Un jour, un club : Quand Bob Marley a enflammé le stade de Dijon
Il a débarqué une après-midi de juin en 1980 dans ce qui n'était alors qu'une enceinte appartenant à un club évoluant en quatrième division du championnat français. En pleine tournée européenne avec son groupe les Wailers pour le Uprising Tour, Bob Marley a ainsi déposé ses valises le temps d'une soirée à Dijon au parc des sports Gaston-Gérard.
Le tout calé entre une date à Munich et une autre à Milan où il fera face à près de 120 000 fans dans un San Siro plein à craquer. L'organisateur du concert Daniel Linuésa raconte : "J'ai sauté sur l'opportunité quand j'ai su que le promoteur de Bob Marley cherchait un stade pour accueillir un de ses concerts. Et j'ai rapidement eu l'autorisation".
Un concert rocambolesque
Cette soirée, on lui en parle souvent. "Ce concert reste dans les tête dijonnaises comme un événement mythique. J'ai fait des concerts avec d'autres grands noms comme les Pink Floyd, Supertramp ou les Dire Straits, mais Bob Marley a marqué les gens". Tout ne se passe cependant pas comme prévu. "On devait faire une scène couverte à la base. Mais il y a eu des erreurs dramatiques de calcul. Et le toit a fini par s'écrouler sur la scène l'avant-veille du concert".
Vent de panique du côté des techniciens. Toutes les boîtes d'intérim sont appelées pour régler le problème. L'histoire ne peut pas s'arrêter en chemin. Linuésa reconnaît que le vent du boulet n'est pas passé loin. "Finalement, après une course contre la montre, tout a été déblayé puis remonté. Mais on a eu chaud".
"Mais qu'est ce que Marley vient foutre à Dijon !"
Linuésa peut respirer. La catastrophe est évitée. La popularité du chanteur est telle que plus de 10 000 billets ont ainsi déjà été vendus avant le concert. Franck est un passionné de musique et il avait dix ans au moment des faits. Et encore aujourd'hui, il a du mal à y croire. "Je me suis dit : mais qu'est ce que Bob Marley vient foutre à Dijon ! On a cru à un canular".
Présent à ce concert avec sa famille, il se souvient. "On était en milieu de fosse. J'ai des souvenirs très précis des musiciens de la scène, des décors. Je suis un très grand fan. J'ai vu celui qui était mon héros depuis l'âge de 6-7 ans. J'ai vu ce bonhomme avec ses dreadlocks qui sautaient en l'air. C'était monstrueux".

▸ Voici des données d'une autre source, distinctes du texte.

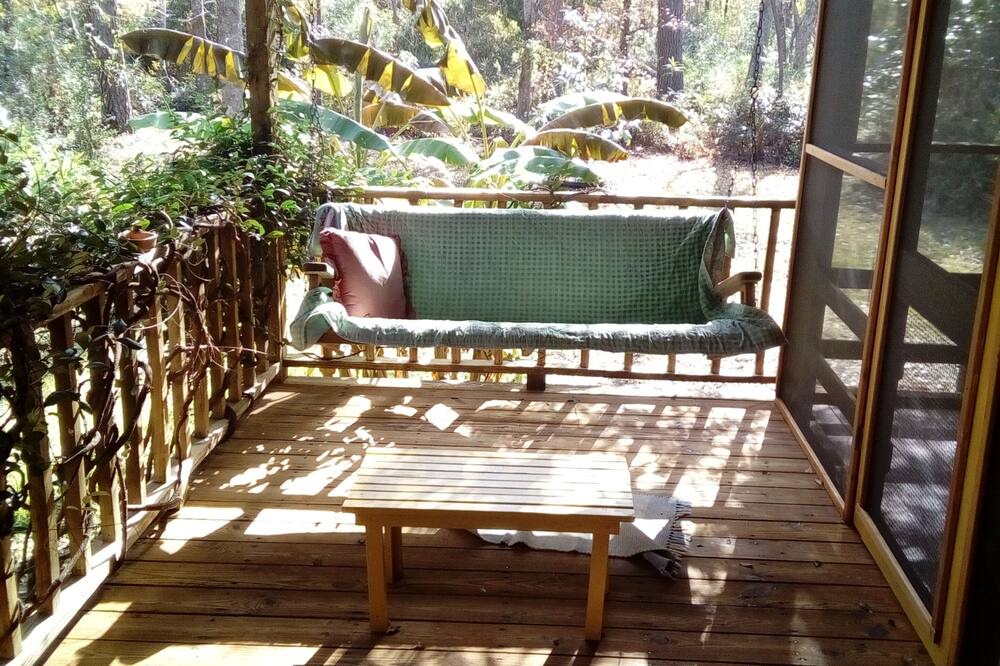 Photo of Patio Balcony in McClellanville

Foot et musique, même combat
Le concert se déroule en plein air à une époque où il est rare de voir ça en France. Du haut de ses 10 ans, Franck décrit l'ambiance particulière qui régnait ce soir là. "On est tous dehors. L'ambiance du stade de football est couplée à celui d'un concert. L'accord parfait entre deux mondes". Deux mondes auxquels Bob Marley a toujours souhaité appartenir. Comme avant chaque concert, il se donne à fond lors d'un match organisé sur la pelouse du Gaston-Gérard. "J'ai encore des potes qui me rappellent aujourd'hui qu'ils ont joué contre Marley en 1980" relate, amusé, Daniel Linuésa.
Cette ambiance de match de football, Franck la retrouve aussi durant le concert. Le jeune fan du chanteur de reggae se rappelle d'un stand du club qui vend pour l'occasion des fanions, maillots et autres écharpes siglés du Cercle de Dijon, l'ancêtre du DFCO. Franck va plus loin. "Il y avait même des supporters à côté de moi qui étaient habillés de la tête au pied aux couleurs du club. Écharpes et maillots tout y est passé. C'était une fusion entre deux populations".
La pétition de la discorde
Le concert ne connaît pas de fausses notes. Pourtant, plus aucun événement de ce type ne se déroulera à Gaston-Gérard. Linuésa raconte, à la fois amusé et interloqué. "Le cabinet du maire a téléphoné le surlendemain. Robert Poujade était alors en place. J'entretenais avec lui des bonnes relations et je pensais qu'il allait me féliciter. Mais ce ne fut pas le cas. Il m'a dit qu'il avait une pétition de 104 médecins et chirurgiens de l'hôpital du Bocage sur sa table. Les infirmières et les aides-soignantes n'ont pas pu mettre au lit les malades ce soir là car ils étaient tous en train de danser aux fenêtres. C'était génial. Le son s'est bien répandu mais au lieu d'aller se coucher à 20 heures, ils ont voulu prolonger le plaisir". Un concert qui restera unique. À jamais.